# Exercise directions
The entries that follow need to be reproduced exactly, minus any images.

# Task data
______
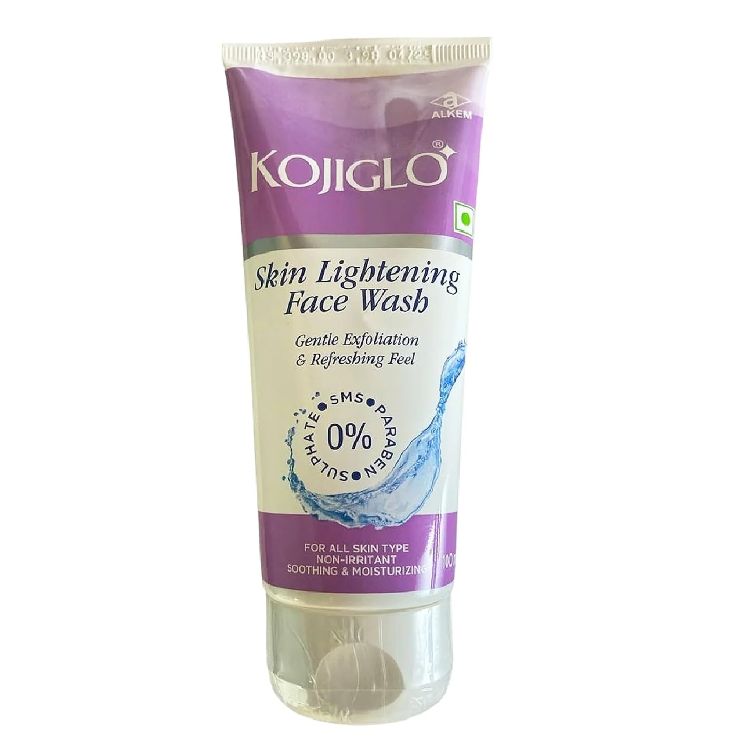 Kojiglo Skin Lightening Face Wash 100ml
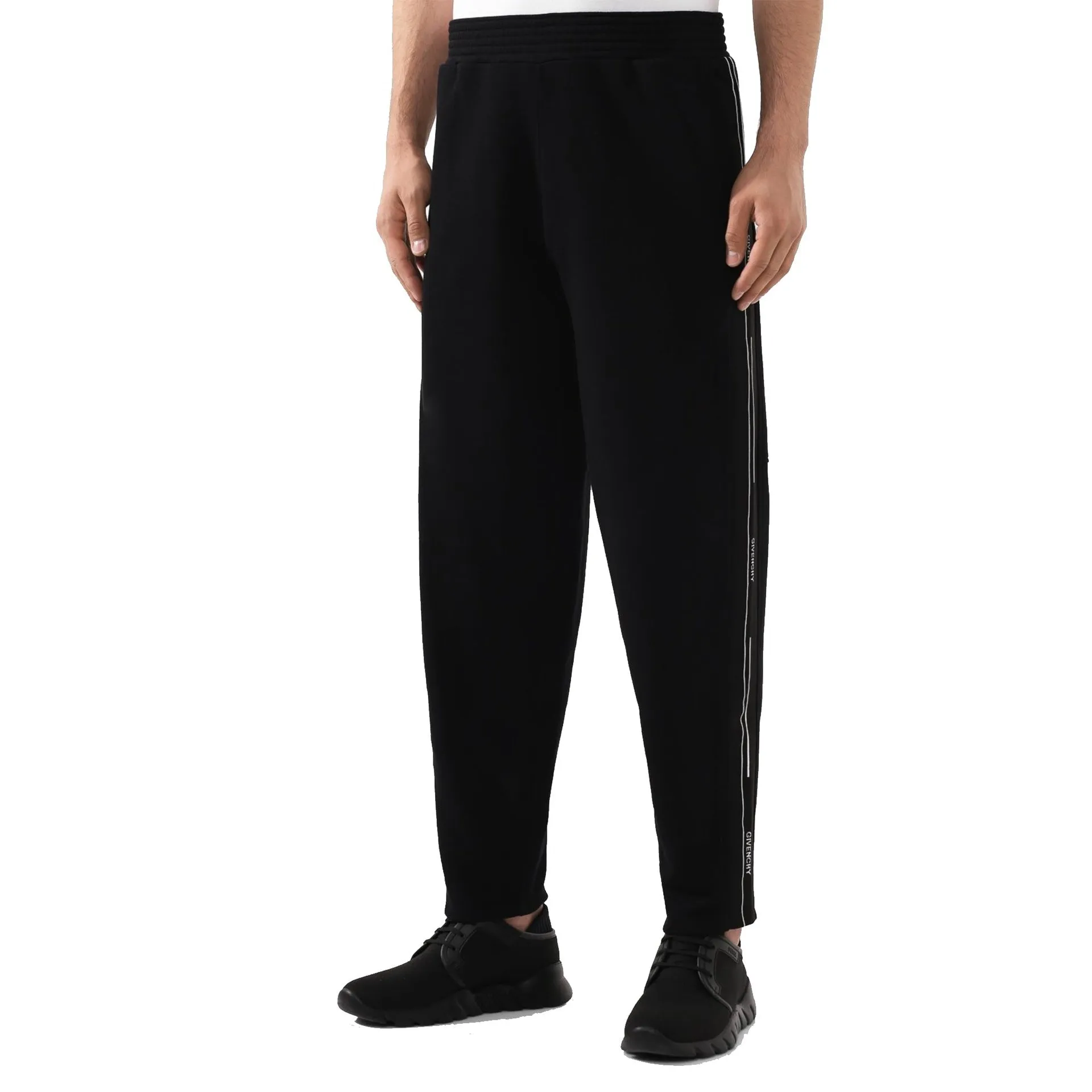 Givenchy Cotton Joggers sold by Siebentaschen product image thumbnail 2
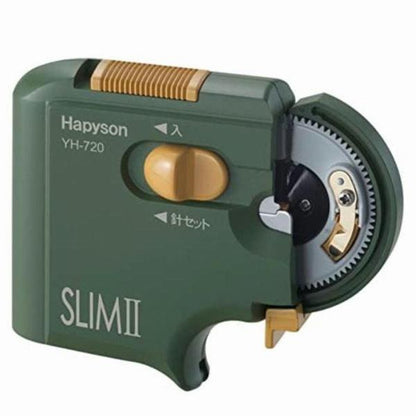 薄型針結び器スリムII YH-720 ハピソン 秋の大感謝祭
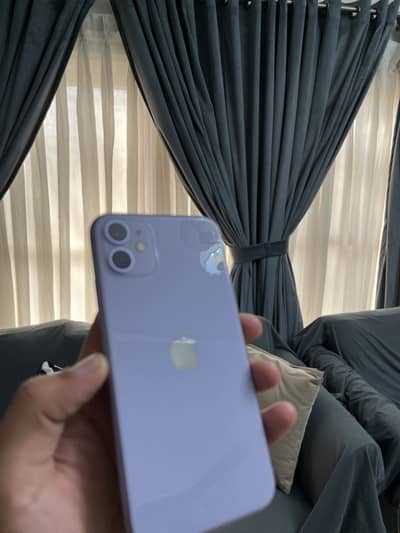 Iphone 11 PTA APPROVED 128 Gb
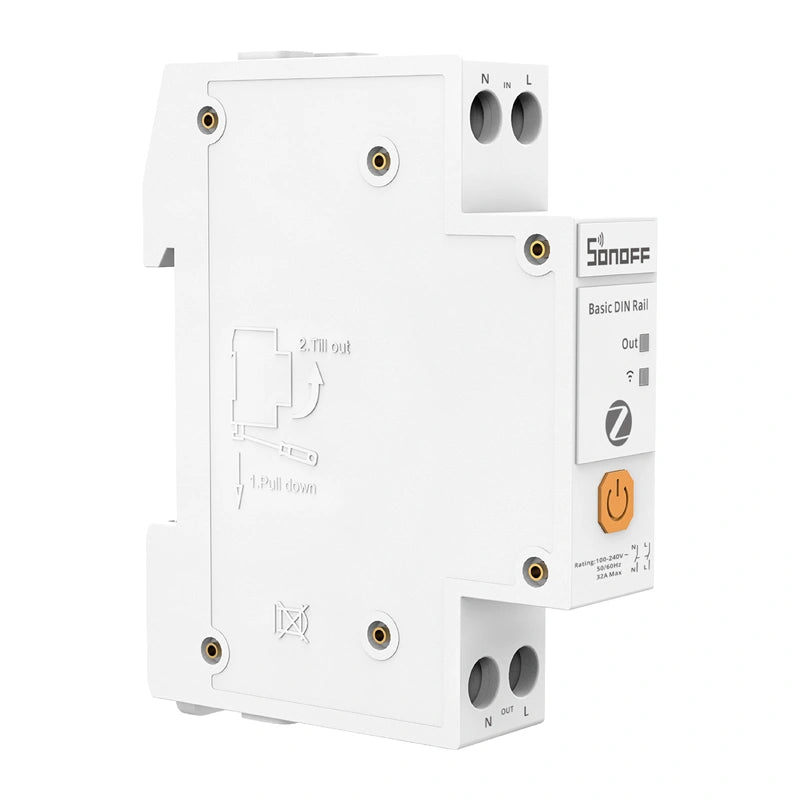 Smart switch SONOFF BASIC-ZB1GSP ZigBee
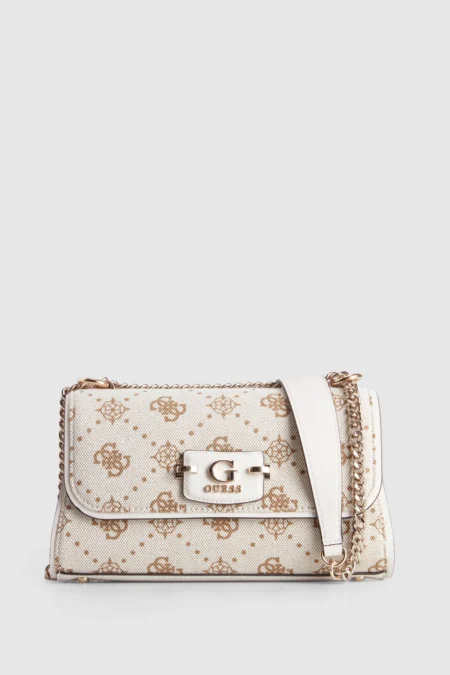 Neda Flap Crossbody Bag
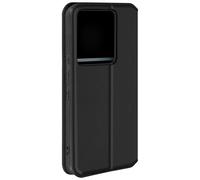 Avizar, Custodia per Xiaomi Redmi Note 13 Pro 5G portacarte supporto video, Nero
______
# Expected answer
 Kojiglo Skin Lightening Face Wash 100ml
 Givenchy Cotton Joggers sold by Siebentaschen product image thumbnail 2
 薄型針結び器スリムII YH-720 ハピソン 秋の大感謝祭
 Iphone 11 PTA APPROVED 128 Gb
 Smart switch SONOFF BASIC-ZB1GSP ZigBee
 Neda Flap Crossbody Bag
 Avizar, Custodia per Xiaomi Redmi Note 13 Pro 5G portacarte supporto video, Nero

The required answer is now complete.